RECORDS PROVIDED START

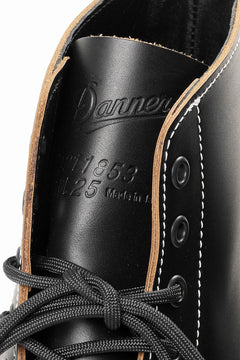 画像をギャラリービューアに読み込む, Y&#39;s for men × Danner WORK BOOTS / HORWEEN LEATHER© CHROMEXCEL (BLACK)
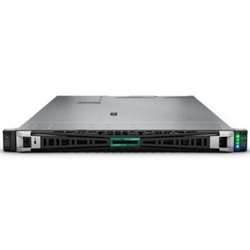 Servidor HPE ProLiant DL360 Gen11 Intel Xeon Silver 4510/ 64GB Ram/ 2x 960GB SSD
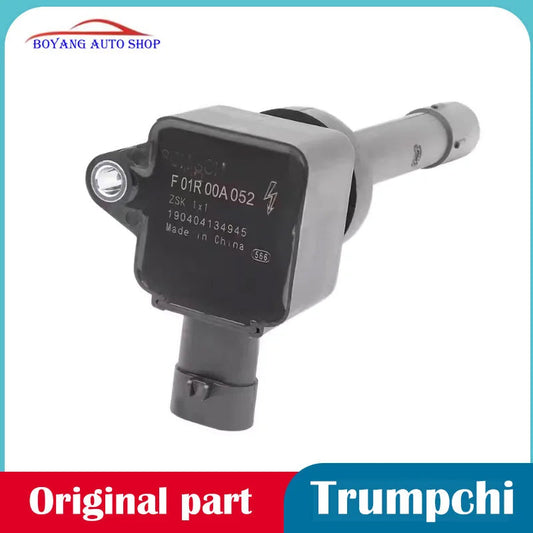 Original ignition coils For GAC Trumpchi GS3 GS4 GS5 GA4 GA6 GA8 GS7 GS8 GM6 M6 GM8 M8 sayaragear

RECORDS PROVIDED END
RECORDS PROVIDED START

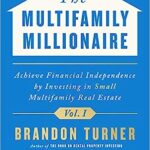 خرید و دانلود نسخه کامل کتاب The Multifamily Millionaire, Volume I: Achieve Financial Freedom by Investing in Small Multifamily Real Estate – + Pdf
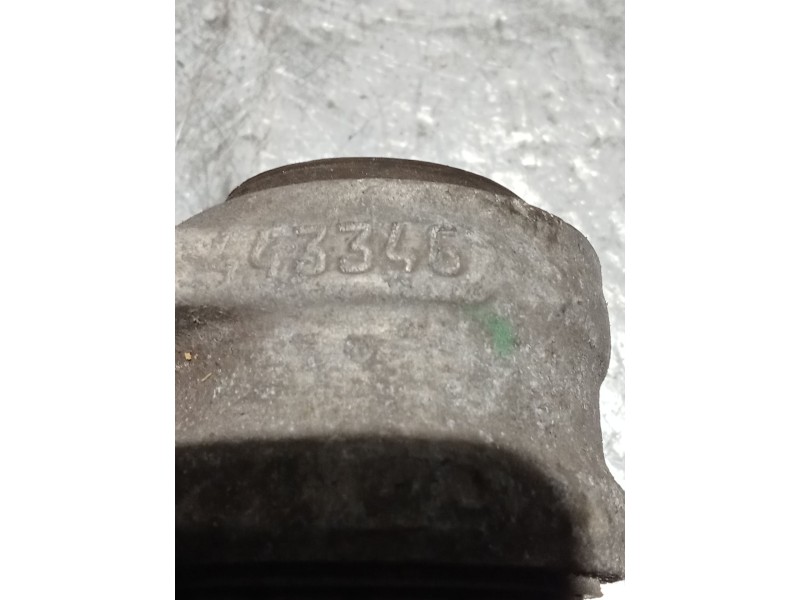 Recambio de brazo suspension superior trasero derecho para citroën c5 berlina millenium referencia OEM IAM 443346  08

RECORDS PROVIDED END

YOUR ASSIGNMENT
Reproduce, word for word, everything in the listing above from the line containing "画像をギャラリービューアに読み込む, Y&#39;s for" down to the line containing "Original ignition coils", both of them included. No pictures.

SOLUTION
 画像をギャラリービューアに読み込む, Y&#39;s for men × Danner WORK BOOTS / HORWEEN LEATHER© CHROMEXCEL (BLACK)
 Servidor HPE ProLiant DL360 Gen11 Intel Xeon Silver 4510/ 64GB Ram/ 2x 960GB SSD
 Original ignition coils For GAC Trumpchi GS3 GS4 GS5 GA4 GA6 GA8 GS7 GS8 GM6 M6 GM8 M8 sayaragear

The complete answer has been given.